I have been developing and testing a new topic model called Distributed Asymmetric Allocation (DAA) because latent Dirichlet allocation (LDA) takes a long time to fit to a large corpus, but does not always discover topics that I am interested in. I know that these are also problems for many other users, so I decided to write a research paper on topic models. As always, I used the corpus of the United Nation General Assembly speeches (444,206 sentences). Since a small subset of the corpus is manually labelled for the topics, I could evaluate the performance of the new topic model systematically.
LDA takes a long time to fit to a large corpus because its algorithm iteratively assigns topics to each word in the corpus. This problem can be solved by distributed computing and convergence detection. Distributed computing is very effective when the number of topics is large: the execution time decreased on average from 46 minutes to 8 minutes when k = 50. When the number of topics is small, the convergence detection is more effective: it reduced the number of iterations from 2000 to 200 in most of the cases without compromising classification accuracy.
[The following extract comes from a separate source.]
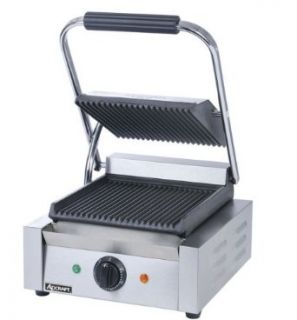 Adcraft SG 811 Sandwich Grill Press Grooved Cast Iron Cooking Surface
LDA does not always shows desired results because it identifies topics solely based on the co-occurrences of words. Seeded LDA could be used to weakly supervise the algorithm to identify pre-defined topics, but it also requires asymmetric Dirichlet priors when topics are highly specific. If the priors (alpha) are adjusted, some of the topics such as “Security” and “Development” became more frequent in the corpus while making other topics less frequent.
Thanks to the changes in the frequency of topics, the overall F1 scores has increased by more than 10% when it is combined with the strong sequential sampling. The improvement in the F1 scores were particularity high in “Security”, “Human rights” and “Democracy”. These are, in fact, the most and least common topics at the General Assembly.
The improved accuracy has a great impact on the results of substantive analysis. When priors were not adjusted (symmetric model), the frequencies of sentences about the topics were close with each other. However, when they were adjusted (asymmetric model), the frequencies of topics varied more widely and changed more strongly corresponding to important events such as the Kosovo war (1998–1999), the 9/11 attacks (2001), and the Arab Spring (2011–2012).
The key takeaway from this study is that we can classify sentences from a large corpus using LDA, but we must use asymmetric model to identify specific topics. If you cannot optimize alpha manually, you should use DAA. This model is already available as part of my seededlda package, so you only need to set batch_size < 1
and adjust_alpha > 0
in the functions to enable the distributed computing and Dirichlet prior optimization. Please give it a try and let me know how it worked with your data.